In the semi-trpytic searches, we are losing over half of the PSMs when we use MaxQuant. That is what I think is unacceptable science. We also see a relatively bigger loss of PSMs when going from 3% FDR to 1% FDR (we will talk about that below) for MaxQuant compared to PAW. Ironically, MaxQuant identifies considerably more PSMs in fully trpytic searches than semi-tryptic searches. That suggests that either the scoring function in Andromeda or the PSM FDR analysis cannot correctly deal with semi-tryptic search spaces (it could be both). We have to get more total PSMs when doing semi-tryptic searches for samples like these. That is just reality.

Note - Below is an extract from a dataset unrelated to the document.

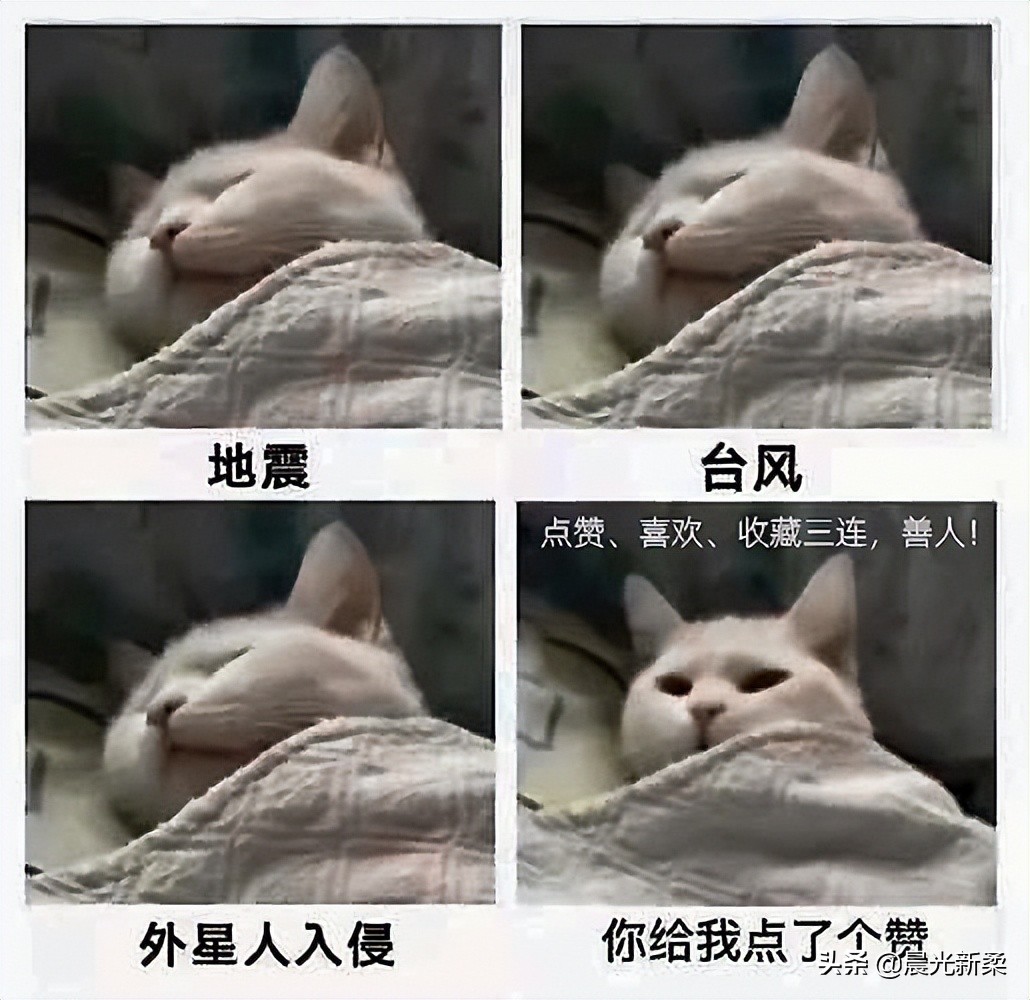 家用打印机买哪个好求推荐,1600左右的打印机推荐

These samples have lower overall ID rates compared to the less demanding HeLa and yeast samples. We see a clear trend where MaxQuant performance degrades when the number of correct matches is a smaller fraction of all the scans. We often have samples with relatively few correct IDs in real world proteomics. MaxQuant’s poor (and variable ) performance with real world samples raises red flags.

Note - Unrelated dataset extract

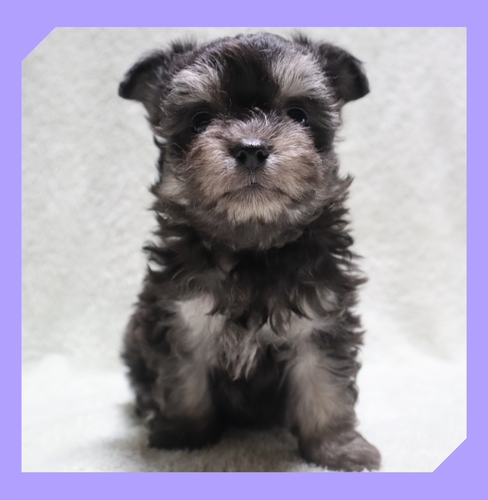 MIX・雑種 犬の販売・譲渡 14093 ●ちわまる・総額価格です●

What can we say about score distributions?

MaxQuant does not show you its score distributions (most black boxes are not see-through), but I can make some guesses from past experience with Mascot ion scores. Primary search scores have several major issues with score distributions. Correct and incorrect distributions often have a lot of overlap. We can also have asymmetric distribution shapes. The common cases are a right-hand tail to the incorrect distribution and a left-hand tail to the correct distribution.

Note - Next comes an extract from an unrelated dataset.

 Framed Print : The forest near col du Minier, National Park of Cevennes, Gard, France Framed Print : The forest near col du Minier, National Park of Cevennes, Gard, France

Classifier functions often transform score metrics to make distribution shapes more symmetric in addition to improving the distance between the distributions.

MaxQuant-like score distributions

This is an exaggerated primary score distribution case where we have a lot of overlap in the distributions and the incorrect distribution has a long right-hand tail. We would have to set a 1% FDR cutoff at a high score to control the incorrect score distributions right-hand tail. When we have high overlap, then there can be a lot of blue area between the 1% and 3% cutoffs (cross-hatched area). That can result in a lot poorer recovery at more strict FDR cutoffs. We will also have a more significant degradation in performance when the red distribution is relatively larger compared to the blue distribution.

PAW-like score distributions

Classifier functions (kind of search engine meta-scores) tend to look more like this. We have distributions with better shapes and the distributions are better separated (less overlap). These cases are less affected by 1% or 3% cutoffs. They are also more independent of the relative sizes of the two distributions. This is something we have all known for more than a decade.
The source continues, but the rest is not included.